I have placed in other contests such as the New Media Film Festival (Finalist), and made progress in a slew of others--please check out:

Q: Were you satisfied with the administration of the contest? Did they meet their deadlines? Did you receive all the awards that were promised?

A: Jeff over at StoryPros lets you know how everything's going at each stage of the contest. They are still working on getting this year's awards out to everybody but it is progressing.

Q: How long did it take you to write the script? Did you write an outline beforehand? How many drafts did you write?

A: I did take my time with this script--I would say a couple of years, but always in bigger chunks when my video game day job was not in constant overtime!

I had a general outline when I began--I wanted to evoke the structure of the original folk song that inspired the story. I did very little outlining before launching straight into pages, though I have extensively outlined other stories.

Revision, and constant revision, are a part of my usual writing process. I could not point to a first draft, second draft, and so on. It's all a rolling draft until someone tells me to stop!

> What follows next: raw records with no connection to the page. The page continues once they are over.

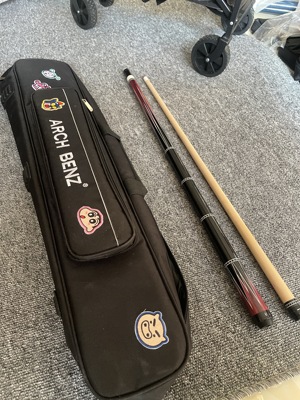 环球061复刻杆1:1枫木大头杆中式黑八花式打法九球台球杆光把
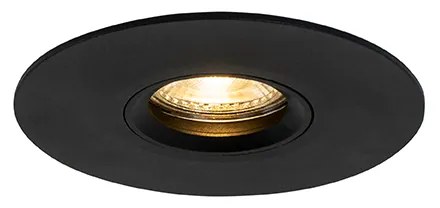 Комплект от 6 Модерен вграден прожектор черен 12 см - Buco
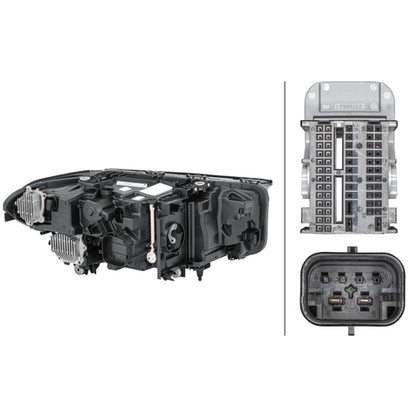 HELLA LED Headlight Unit - Left - 1LX015449-531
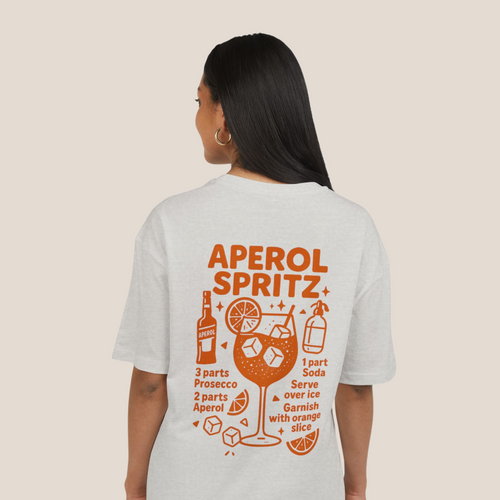 Aperol Spritz Heavy Oversized Tee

Q: What kind of software did you use to write the script, if any? What other kinds of writing software do you use?

A: I used Final Draft (will be upgrading to the newest soon). I will be giving Movie Magic Screenwriter a try soon thanks to the contest.

Beyond general word processing (all hail OpenOffice!) I don't use many software packages. I have tried some query tracking programs but they haven't been geared toward screenwriters or contests...

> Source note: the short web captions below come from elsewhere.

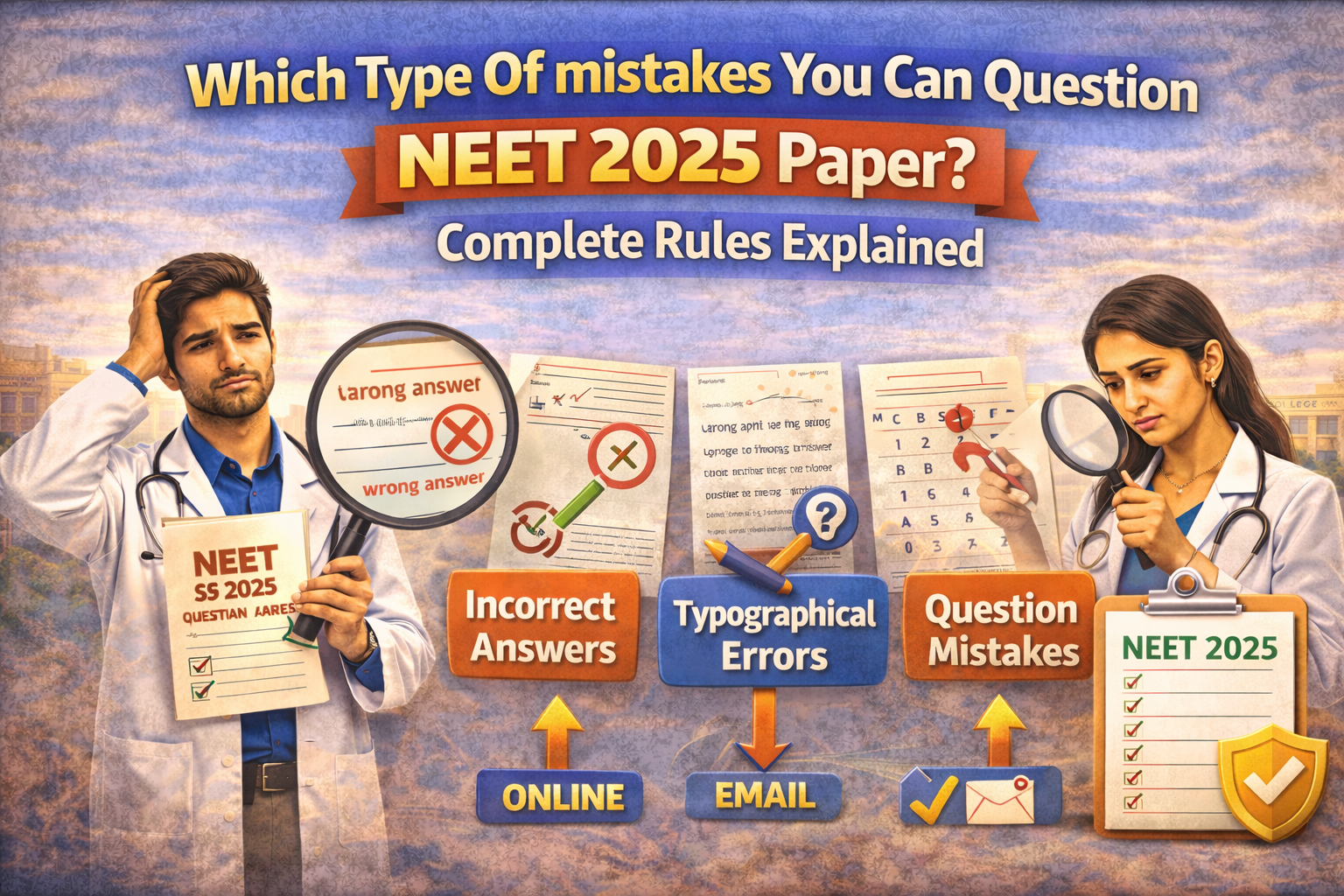 Which Type Of mistakes You Can Question In NEET  2025 Paper? Complete Rules Explained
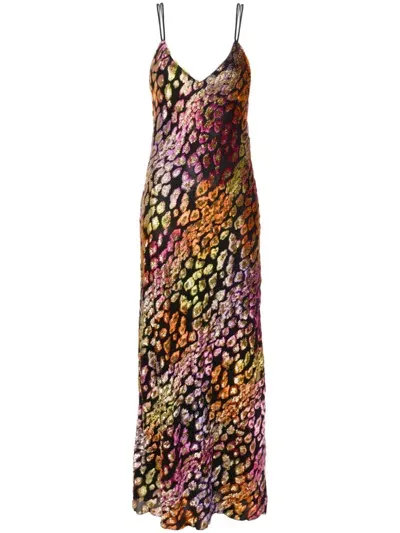 Forte Forte Leopard Maxi Dress In Black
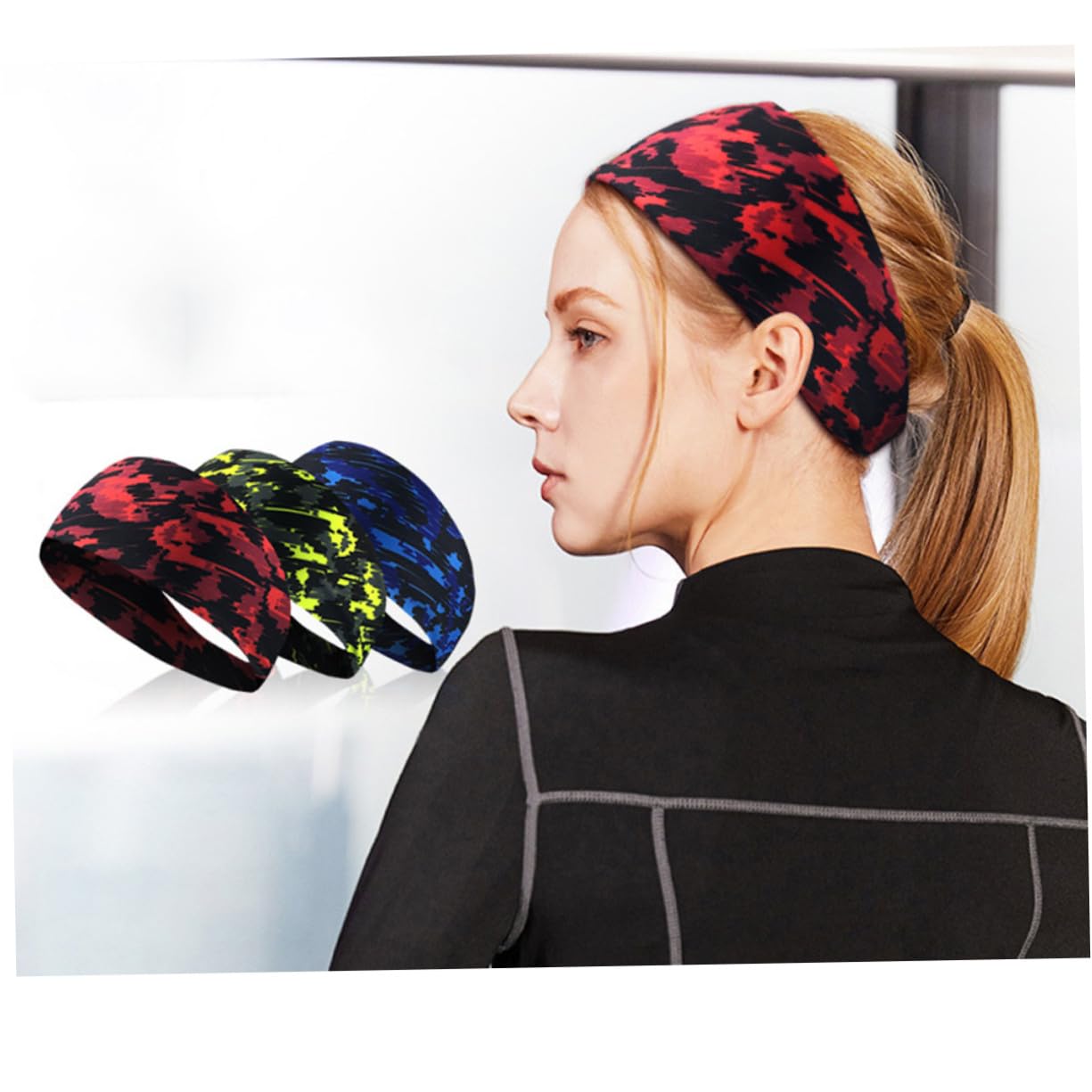6 Diademas para Hombres Banda Deportiva para El Sudor Diademas De Fútbol ​​Diadema Deportiva Diadema para Correr Turbante para Hombres Equipo De Baloncesto Elasticidad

Q: Do you write every day? How many hours per day?

A: When I am in full-on writing mode (and not preoccupied with promotion) I write for around four hours per day, three times a week. Sometimes I get bonus time on the weekends.

Working around my daughter's school schedule and the busy house I live in, that's been my experience. I hope to have a dedicated office again soon.

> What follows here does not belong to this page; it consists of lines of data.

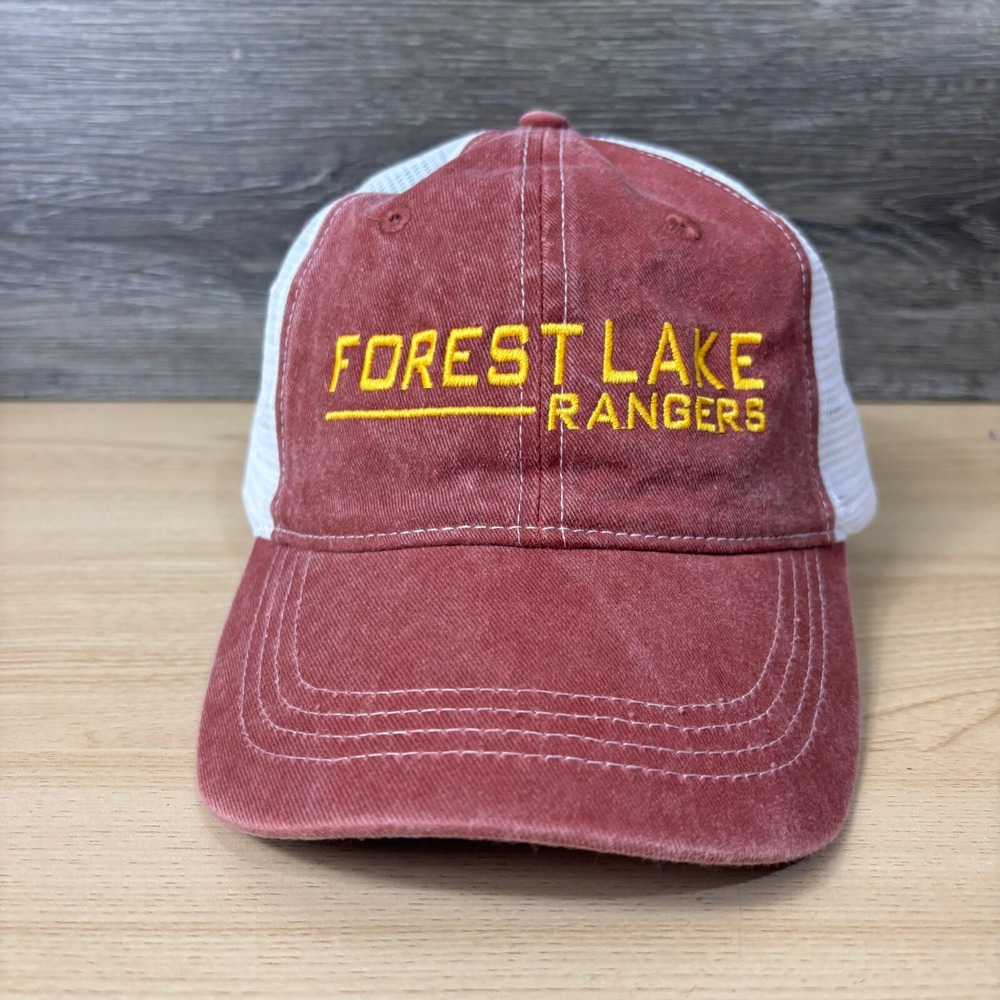 Forest Lake Rangers Hat Cap Snapback Red Minnesota High School Adjustable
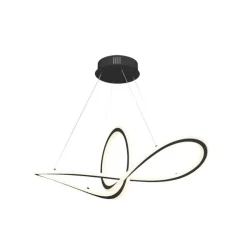 Lámpara de techo colgante Dunia LED integrado 53w 3CCT acabado negro estilo moderno mando a distancia incluido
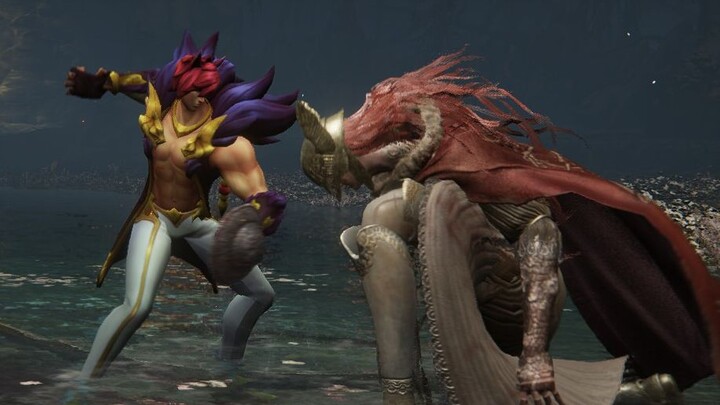 [Elden Ring Mod] The Goddess Isn’t Kind—Deliberately Hurling a Fist!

Q: Do you ever get writer's block? If so, how do you deal with that?

A: Yes, I do get writer's block. I generally switch to a different form of expression or activity--read a book, play guitar, work out. But sometimes I just stare at the blank page until I get fed up with myself and peck out an attempt, no matter how poor.

When I am not fully committed to a project, I may hop between them, and tackle a different set of writing problems. Those times are rare.

Q: What's your background? Have you written any other screenplays or television scripts?

A: "Outstanding In The Field" is a modern-day fantasy, and "A Whisker Past Midnight" is a WWII thriller--both for animation. "Only In America", my first co-written script, is a live-action Vietnam War-era drama. None have been produced yet.

I have projects in the hopper ranging from reality concepts to cookbooks, but animation always draws me back into its orbit.

Q: Do you live in Los Angeles? If not, do you have any plans to move there?

A: I have lived in the Los Angeles area before--from 2000 to 2012. It can be expensive, but it's the place to be for work and education in the entertainment industry.

I would certainly move back for the right reasons--i.e. if writing work or other development-related opportunities require it.

Q: What's next? Are you working on a new script?

A: My latest script is for animation (tough sell!) and is a period piece (also tough!)--set in the Napoleonic era. Like another of my previous scripts it is based on a true story, but I'll have to fictionalize this one a bit more as there are a peculiar set of gaps to fill.

After my current script, I am forcing myself to balance my live action work with animation--trying to stay flexible!